Qual è l’orchestra numero uno al mondo? Difficile, anzi impossibile asserirlo con precisione matematica: le orchestre non corrono in pista, non esistono campionati né un ranking internazionale. E del resto far musica non è una gara, per fortuna. Eppure la domanda non è (ovviamente) nuova, e il mondo della critica globale interviene ciclicamente su questo tormentone, stilando classifiche degne di una competizione mondiale. Se provate a consultarle, nove su dieci al primo posto ci sono i Berliner Philharmoniker, un’orchestra che per la sua storia – passata attraverso le mani di direttori stabili come von Bülow, Furtwängler, Karajan, Abbado, Rattle – illumina “da sempre” come un faro planetario il mare della musica sinfonica.
Va da sé che poter ascoltare l’Ottetto d’Archi, fondato nel 1994 e formato da prime parti e professori d’un’orchestra di tale rango, offre alla serata, alla nostra esperienza, un distillato di quella luce. Il suono degli archi, così pieno, corposo, coeso – che è una delle specificità che contraddistinguono il timbro delle orchestre tedesche – trae quasi giovamento in una formazione come l’ottetto, in cui questa timbrica si fa anche (ancor di più) trasparente, e in cui possono emergere l’espressione e il virtuosismo dei singoli. Suonare in orchestra fa bene al gruppo da camera e viceversa.

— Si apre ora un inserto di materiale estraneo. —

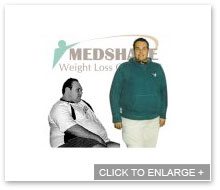 MedShape Weight Loss | Before and After
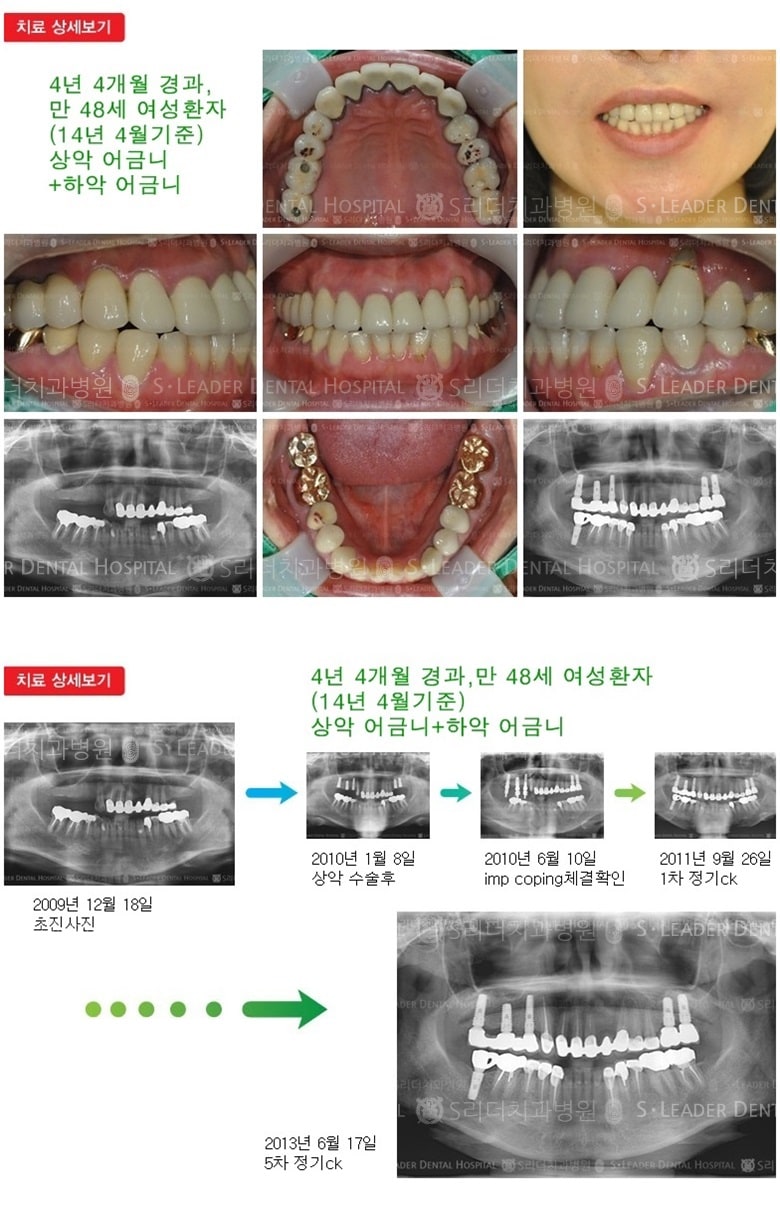 상악어금니,하악어금니,16년 9개월 경과 — 추가 사진 (임플란트)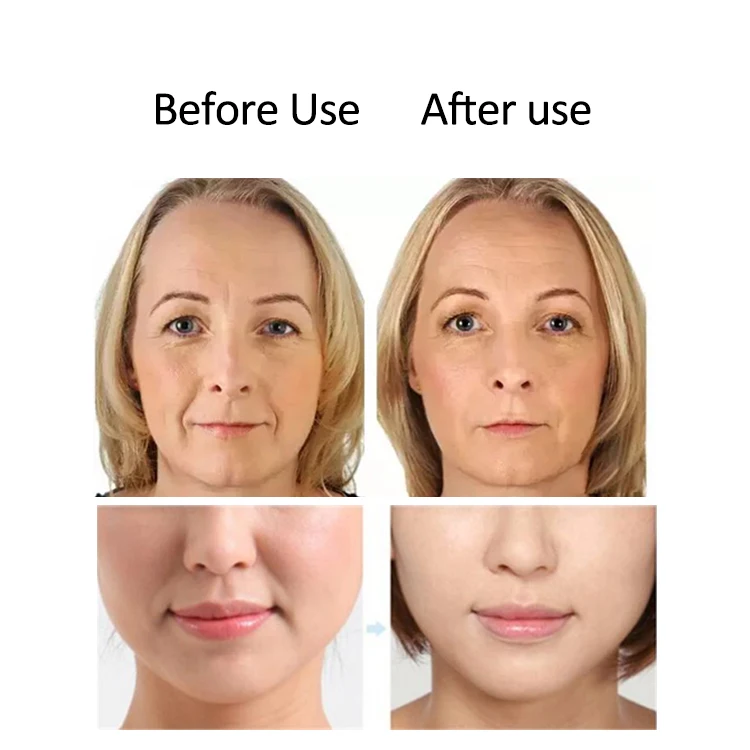 Other Beauty & Personal Care Products(new) Nasolabial Folds Laugh Lines Nasolabial Folds Patch, Lines Laugh Wrinkle Patches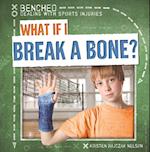 What If I Break a Bone?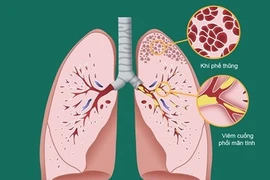 Fibrolysin – Hướng điều trị mới mang lại hiệu quả cao và an toàn cho các bệnh viêm đường hô hấp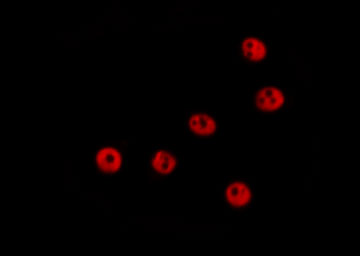 WRN Antibody - Staining HeLa cells by IF/ICC. The samples were fixed with PFA and permeabilized in 0.1% Triton X-100, then blocked in 10% serum for 45 min at 25°C. The primary antibody was diluted at 1:200 and incubated with the sample for 1 hour at 37°C. An Alexa Fluor 594 conjugated goat anti-rabbit IgG (H+L) antibody, diluted at 1/600, was used as secondary antibody.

Interessantissimo il programma del concerto di mercoledì 17 ottobre, che percorre a ritroso tre pietre miliari del repertorio per ensemble d’archi. Si comincia dal Sestetto che apre l’ultima opera di Richard Strauss, Capriccio (1942), una musica “al quadrato” nata per rappresentare se stessa (è il brano composto dal personaggio del compositore Flamand in omaggio alla protagonista, la Contessa Madeleine): una composizione che introduce l’ascoltatore al clima conversativo dell’opera, intrisa di somma ed elegiaca raffinatezza. Il Sestetto n. 1 op. 18 (1862) di Brahms, classicista nella forma, è invece molto innovativo sotto il profilo della distribuzione delle parti, mutando continuamente la geometria dell’assetto: si contrappongono nella condotta musicale due gruppi di tre strumenti oppure tre gruppi di due strumenti, oppure i quattro più gravi contro i due violini, e così via, dando vita a situazioni molto cangianti anche dal punto di vista coloristico. Nel finale il brano più antico, l’Ottetto op. 20 di Mendelssohn, che a 16 anni (nel 1825) si inventa sostanzialmente quest’organico: esistono precedenti doppi quartetti di Spohr, ma a partire da questo autentico esempio la scrittura è a otto parti reali. Un ottetto che, su indicazione dell’autore apposta sulla partitura autografa, «va suonato da tutti gli strumenti nello stile di un’orchestra sinfonica». Dovremmo esserci!